Project 1: Scraping Wikipedia Financial Tables¶
Let us start with something simple. Wikipedia has tables of data on almost every financial topic. Let us pull the list of S&P 500 companies.
import pandas as pd
# pandas.read_html() is magic: it finds ALL tables on a page
url = "https://en.wikipedia.org/wiki/List_of_S%26P_500_companies"
tables = pd.read_html(url)
# The first table is the current S&P 500 constituents
sp500 = tables[0]
print(f"Number of companies: {len(sp500)}")
print(sp500.head(10))
Output:
Number of companies: 503
Symbol Security GICS Sector ...
0 MMM 3M Company Industrials ...
1 AOS A. O. Smith Corp Industrials ...
2 ABT Abbott Laboratories Health Care ...
3 ABBV AbbVie Inc. Health Care ...
4 ACN Accenture plc IT ...
That is one line of actual scraping code. pd.read_html() finds every <table> tag on the page and returns a list of DataFrames.
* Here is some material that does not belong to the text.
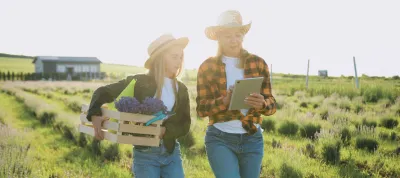 Mother and daughter farmer work together in wheat field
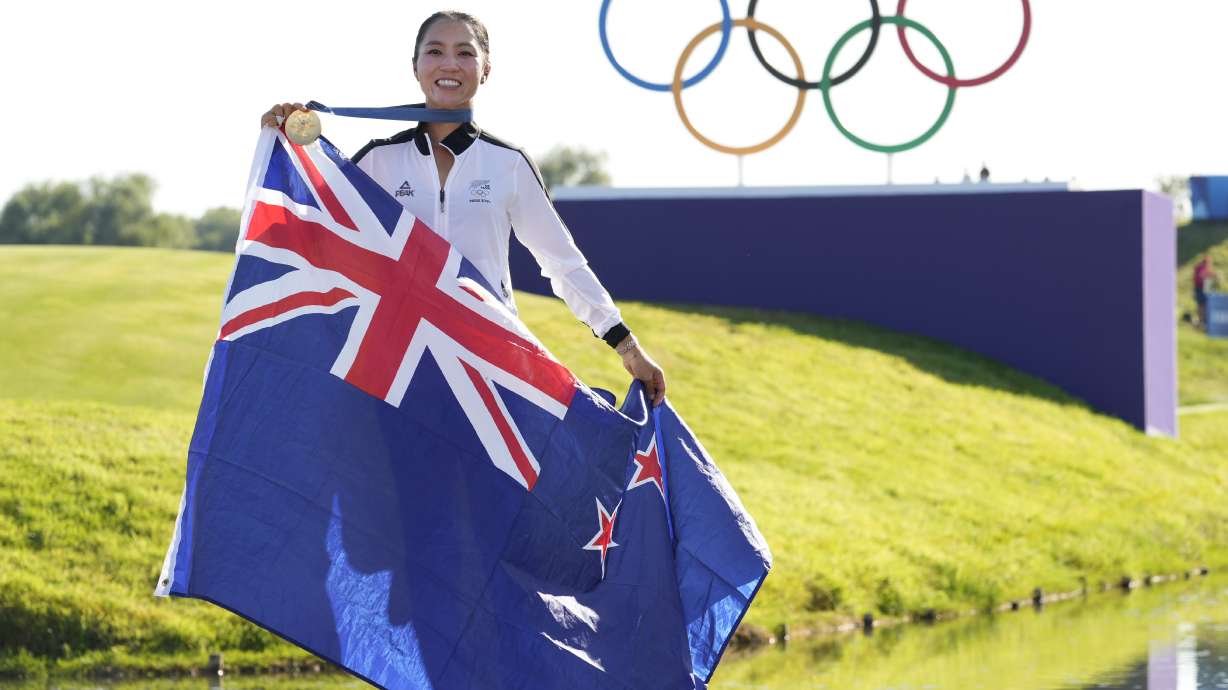 Lydia Ko, of New Zealand, poses for the cameras with her gold medal, and the New Zealand flag following final round of the women's golf event at the 2024 Summer Olympics, Saturday, Aug. 10, 2024, at Le Golf National, in Saint-Quentin-en-Yvelines, France.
It handles headers, row parsing, and type conversion automatically.
Analyzing the Data¶
# Sector breakdown
sector_counts = sp500["GICS Sector"].value_counts()
print(sector_counts)
# Industrials 78
# Information Technology 76
# Financials 72
# Health Care 64
# Consumer Discretionary 53
# ...
# Filter for tech stocks
tech_stocks = sp500[sp500["GICS Sector"] == "Information Technology"]
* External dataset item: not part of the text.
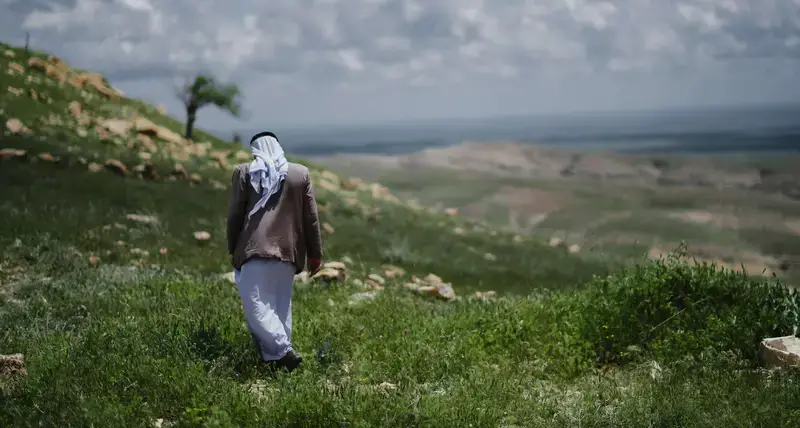 Yazidi man walking near the Mam Rashan Shrine on Mount Sinjar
print(f"Tech stocks in S&P 500: {len(tech_stocks)}")
print(tech_stocks[["Symbol", "Security"]].head())
Saving to CSV or Excel¶
# Save to CSV
sp500.to_csv("sp500_companies.csv", index=False)
# Save to Excel
sp500.to_excel("sp500_companies.xlsx", index=False)
You just downloaded, parsed, and saved the entire S&P 500 constituent list in 4 lines of Python. The same task in Excel would involve 20 minutes of copy-paste and at least one “I accidentally pasted it in the wrong column” moment.
Project 2: Fetching ECB Interest Rates via API¶
Not all data requires scraping HTML. Many institutions provide structured data through APIs (Application Programming Interfaces). APIs return data in clean JSON or XML format, which is way easier to work with than raw HTML.
The European Central Bank provides economic data through their Statistical Data Warehouse API.
import requests
import pandas as pd
# ECB SDW API: Main Refinancing Operations rate
url = "https://data-api.ecb.europa.eu/service/data/FM/M.U2.EUR.4F.KR.MRR_FR.LEV"
headers = {"Accept": "application/json"}
response = requests.get(url, headers=headers)
print(f"Status: {response.status_code}")
data = response.json()
# Navigate the JSON structure to extract the time series
observations = data["dataSets"][0]["series"]["0:0:0:0:0:0:0"]["observations"]
time_periods = data["structure"]["dimensions"]["observation"][0]["values"]
# Build a DataFrame
records = []
for i, period_info in enumerate(time_periods):
records.append({
"date": period_info["id"],
"rate": observations[str(i)][0]
})
ecb_rates = pd.DataFrame(records)
ecb_rates["date"] = pd.to_datetime(ecb_rates["date"])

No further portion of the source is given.